Short descriptive text snippets:
====

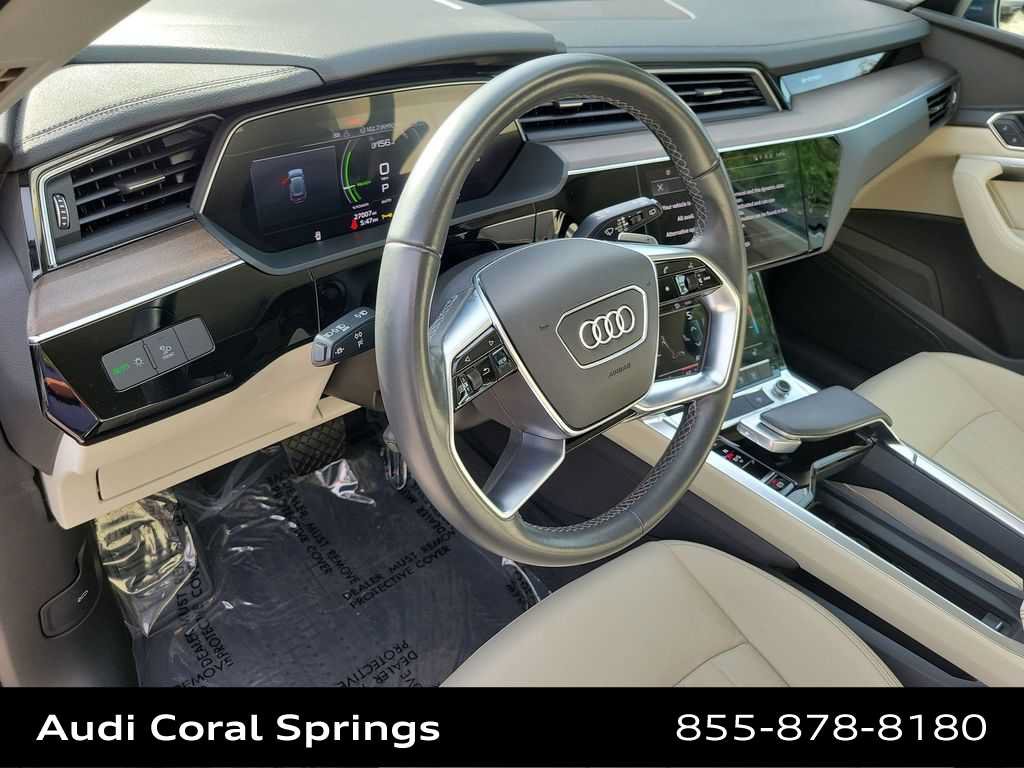 Certified 2024 Audi Q8 e-tron Premium Plus AWD/4WD image 10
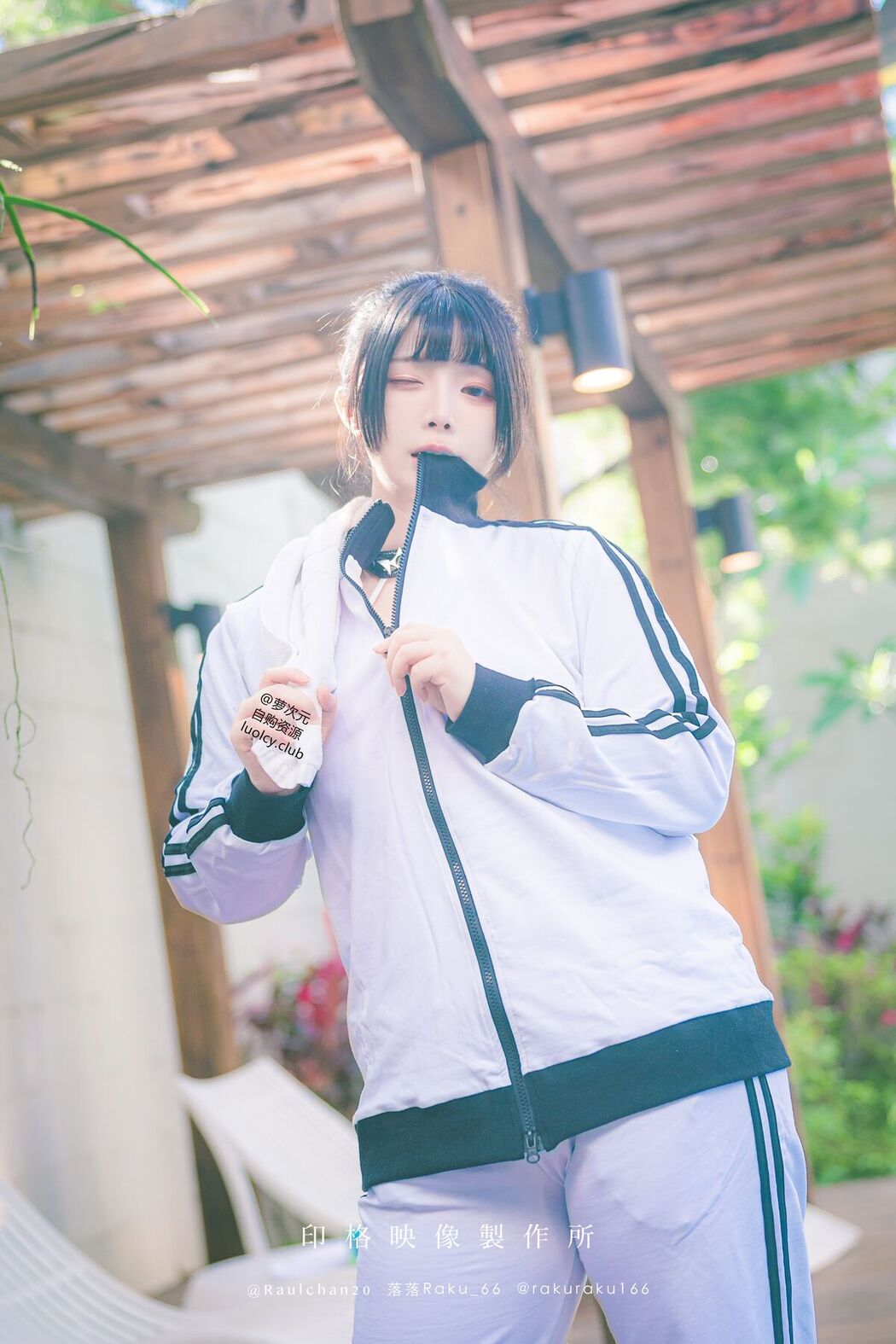 Coser@落落Raku &#8211; 锻炼日 Exercise Day (62P &#8211; 1V)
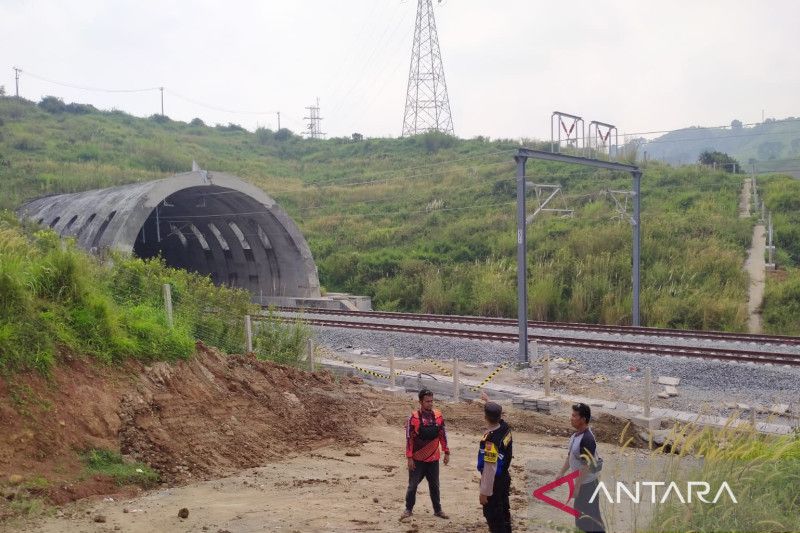 Warga Sekitar Jalur Kereta Cepat Jakarta-Bandung Diminta Tak Terbangkan Layangan dan Drone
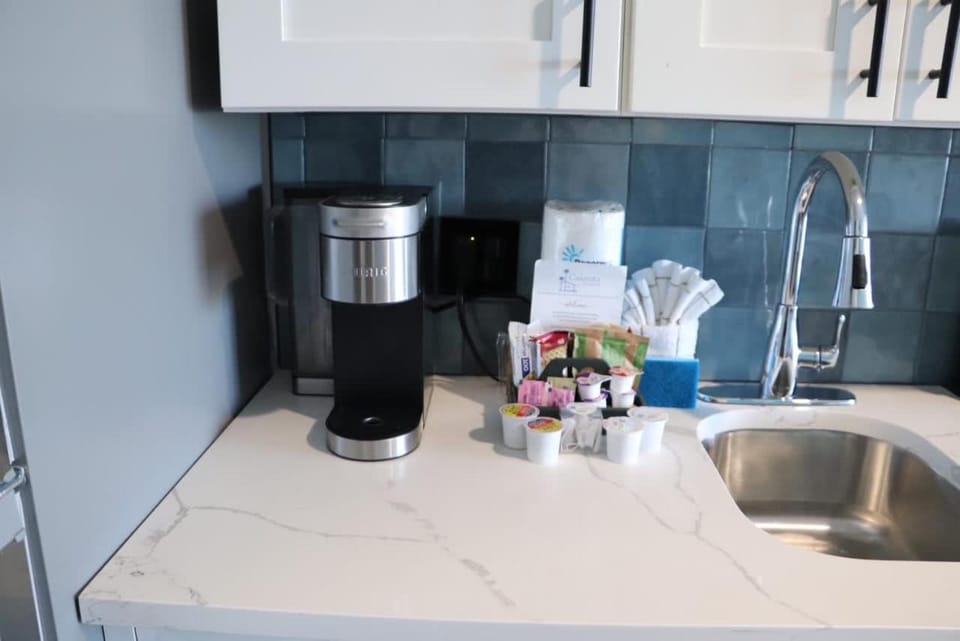 Coffee/tea facilities, Kitchen or kitchenette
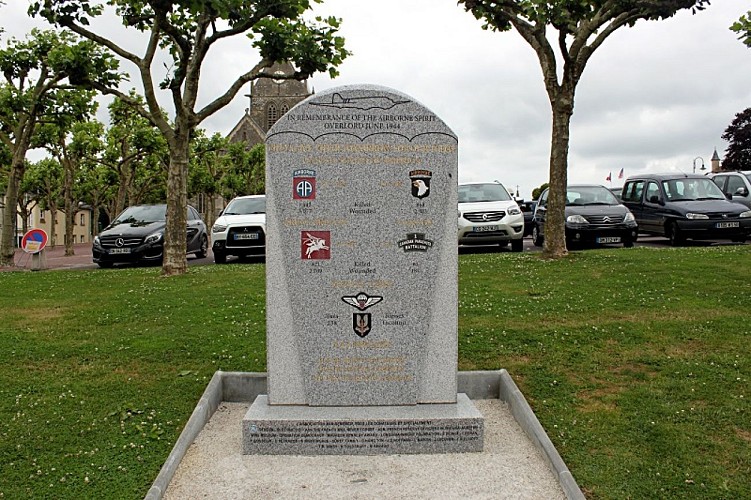 Monument AVA_Sainte Mère Eglise©OT Baie du Cotentin (2)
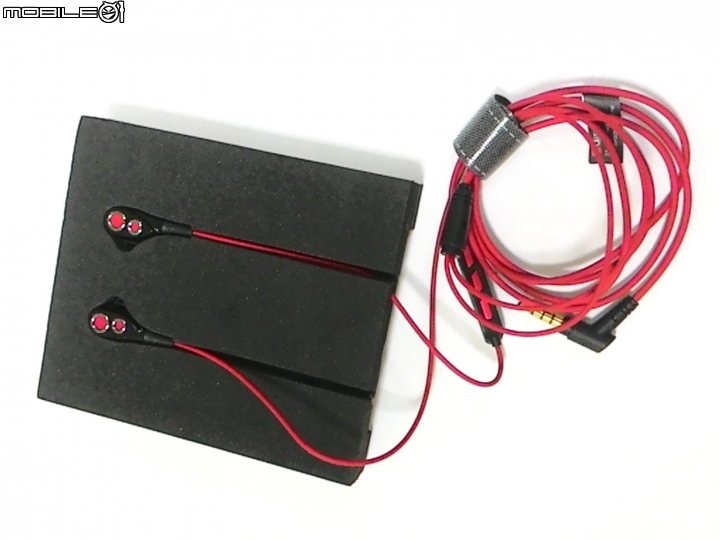 云仕 UiiSii BA-T8雙動圈入耳式線控耳機(黑紅)使用經驗分享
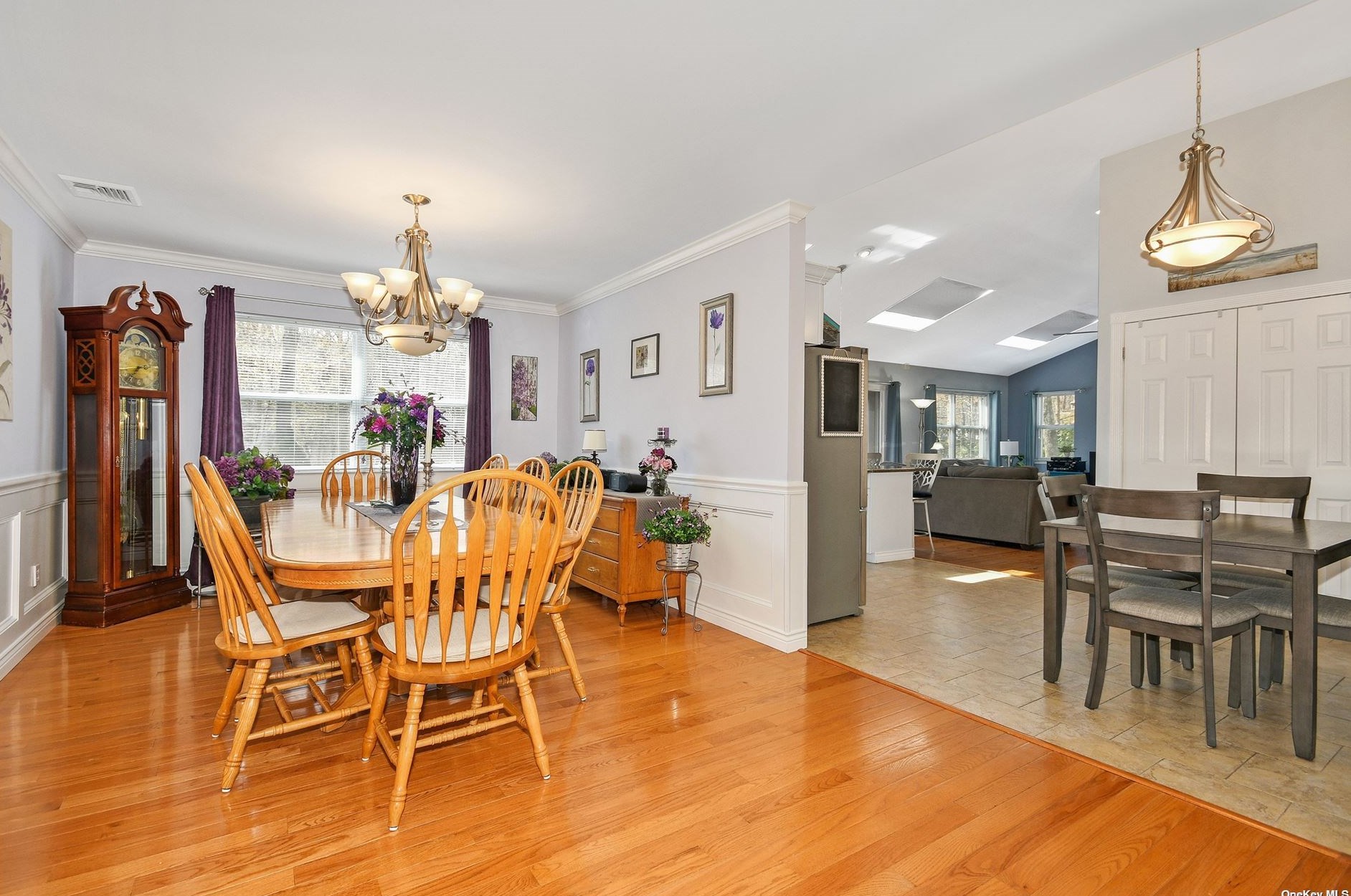170 Robinson Ave, Canaan Lake, NY 11772-4841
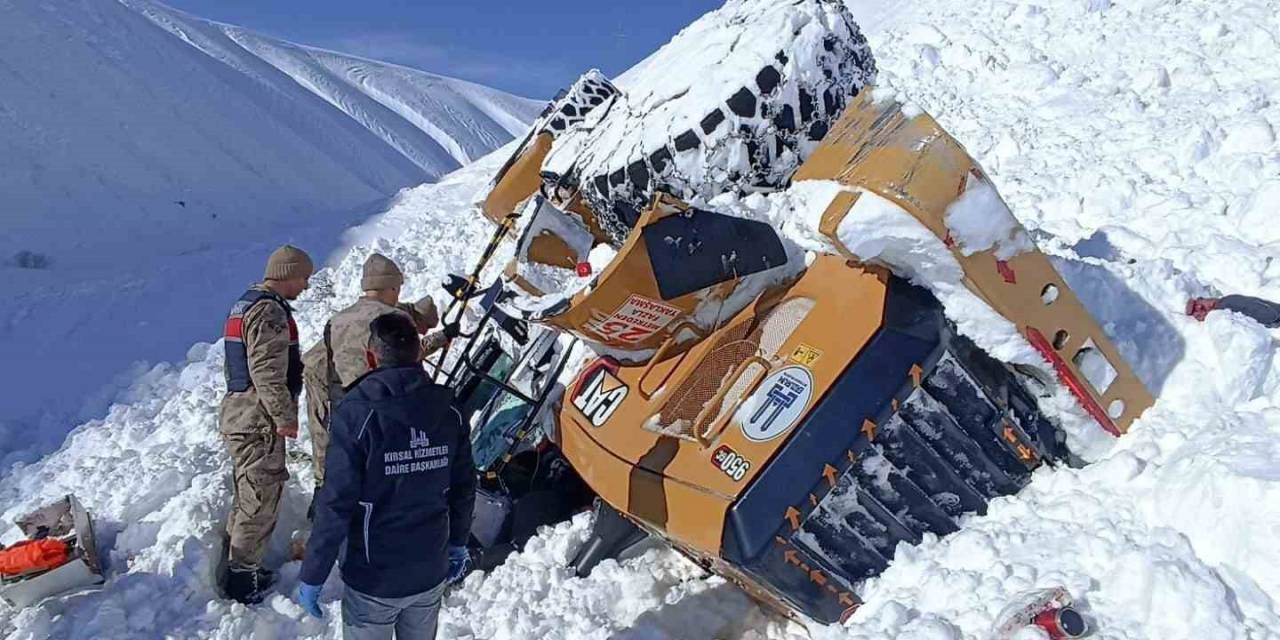 Çığ Altında Kalan Operatör Jandarma Ekiplerince Kurtarıldı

====

## [WORK REQUIRED]
Your copy must start at the line that holds "Monument AVA_Sainte Mère" and end at the last line of the data, both included; it must contain no pictures.

## [TASK ANSWER]
 Monument AVA_Sainte Mère Eglise©OT Baie du Cotentin (2)
 云仕 UiiSii BA-T8雙動圈入耳式線控耳機(黑紅)使用經驗分享
170 Robinson Ave, Canaan Lake, NY 11772-4841
 Çığ Altında Kalan Operatör Jandarma Ekiplerince Kurtarıldı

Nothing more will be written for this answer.